*TASK DIRECTIONS*
From the listing below, copy only the lines from the line that contains "Onyxxx Peg &" to the line that contains "VIVA Reggaeton vs", counting those two lines as part of the copy.

------ ENTRIES PROVIDED ------

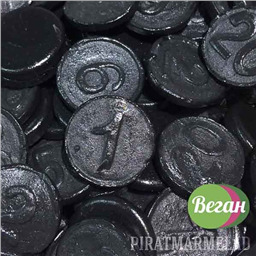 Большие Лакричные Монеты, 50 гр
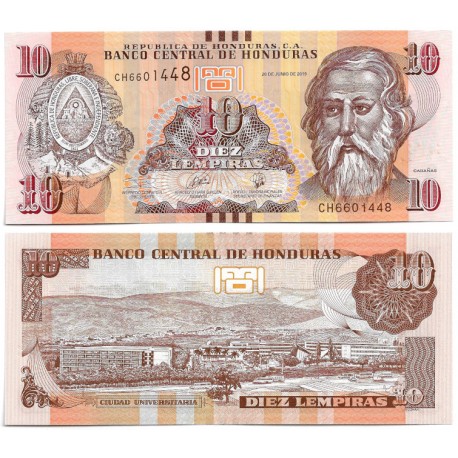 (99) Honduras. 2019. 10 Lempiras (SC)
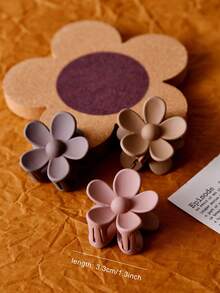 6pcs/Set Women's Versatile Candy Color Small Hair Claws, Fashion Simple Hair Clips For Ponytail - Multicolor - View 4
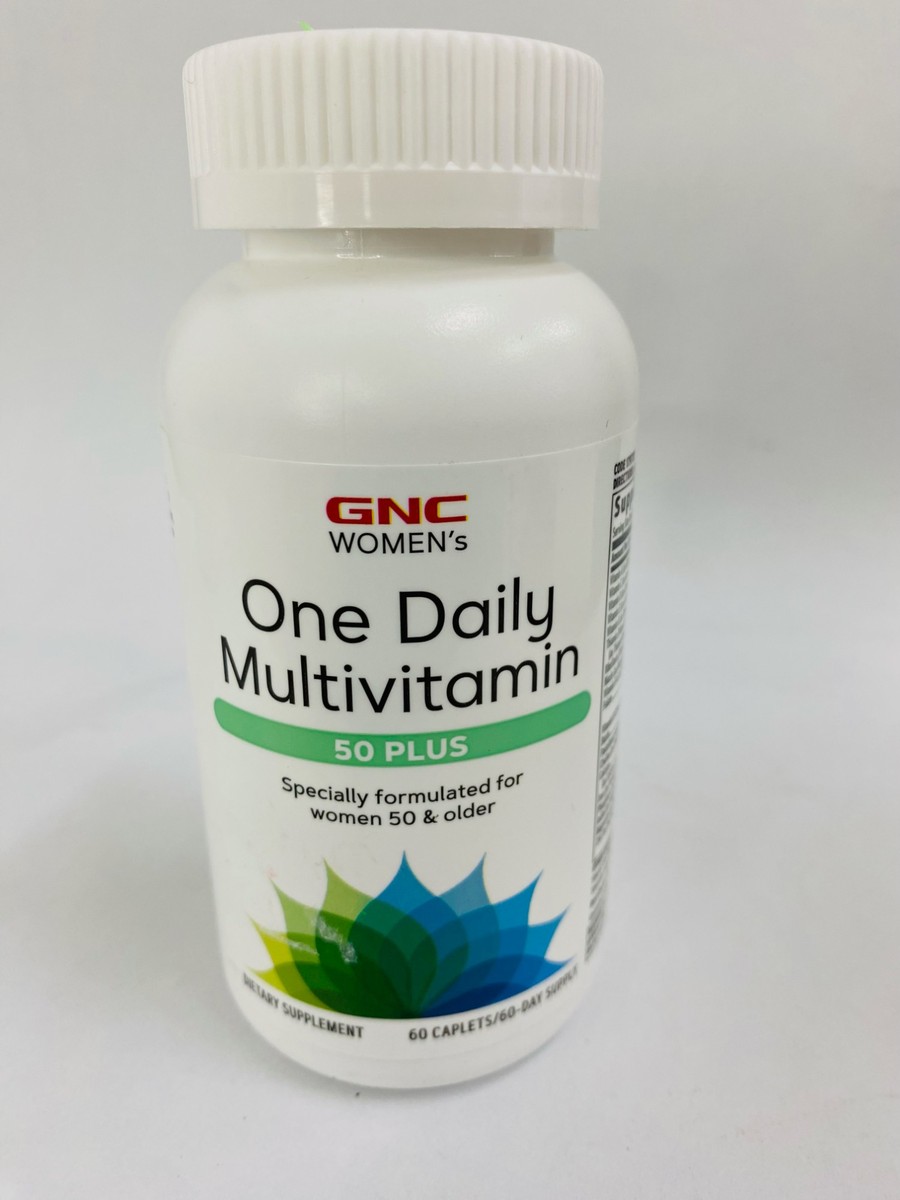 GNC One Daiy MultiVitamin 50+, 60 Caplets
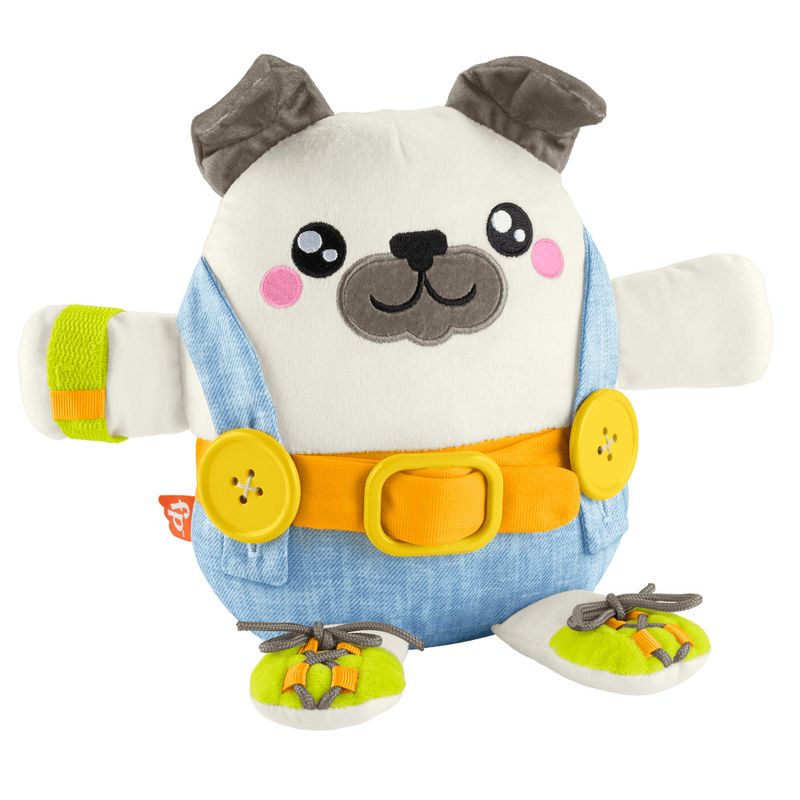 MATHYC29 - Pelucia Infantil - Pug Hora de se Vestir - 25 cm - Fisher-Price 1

------
------ ENTRIES PROVIDED ------

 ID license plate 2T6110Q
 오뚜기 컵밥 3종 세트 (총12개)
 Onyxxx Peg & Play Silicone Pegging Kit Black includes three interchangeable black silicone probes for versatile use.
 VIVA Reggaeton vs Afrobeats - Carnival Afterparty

------

*ANSWER FOR THIS EXERCISE*
 Onyxxx Peg & Play Silicone Pegging Kit Black includes three interchangeable black silicone probes for versatile use.
 VIVA Reggaeton vs Afrobeats - Carnival Afterparty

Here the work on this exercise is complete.